Stateless Services — Every Puma worker process is interchangeable. JWT verification uses Redis, not in-memory sessions. Presence tracking uses Redis TTL, not in-process timers. Any process can be killed and replaced without data loss or session interruption.

Caching — Redis sits between the Rails API and PostgreSQL for read operations. Hot data (conversations, user profiles, presence) is served from memory at < 50ms without touching the database. The cache is populated on write and invalidated on update.

Async Messaging via Queue — The MissedCallJob pattern shows why queues exist: when you need something to happen later, reliably, without blocking the current request, a queue is the answer. The Rails API doesn’t wait. Sidekiq processes it when the time comes. If Sidekiq goes down, the job survives.

Separation of Concerns — Each component has one job, one technology choice, and one scaling axis. Rails API scales horizontally by adding Puma processes. Action Cable scales by adding Redis pub/sub subscribers. Sidekiq scales by adding worker processes. PostgreSQL scales with a read replica. No component’s scaling affects another.

ACID Guarantees — PostgreSQL enforces transactional integrity on every write. A message creation either fully succeeds or fully rolls back — no partial state, no lost records. This is what the 0% message loss SLA is built on.

Time-based Partitioning — The messages table is partitioned by month at the PostgreSQL level. Queries against recent messages only scan the current month’s partition, not hundreds of millions of historical rows. This is the difference between a 2ms query and a 2-second query at scale.

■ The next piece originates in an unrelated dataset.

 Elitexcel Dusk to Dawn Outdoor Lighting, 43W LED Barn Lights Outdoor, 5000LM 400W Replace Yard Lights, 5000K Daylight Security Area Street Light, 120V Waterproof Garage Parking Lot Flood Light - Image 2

Download the Architecture Document

The full Chatterly architecture document — formatted as a standalone, professional reference — is available as a PDF below. Use it as a template for your own system architecture documentation.

Download: Chatterly Architecture Document (PDF)

Conclusion

Software architecture is not about choosing the most interesting technology. It’s about understanding what the system needs to do and how hard it needs to work, then making the minimum set of decisions that satisfy those constraints reliably. Every component in Chatterly exists because a specific requirement demanded it. Every technology choice has a documented reason. Every architectural principle has a concrete expression in the codebase.

That’s what good architecture looks like — not clever, just clear.

Thank you for reading, and happy coding!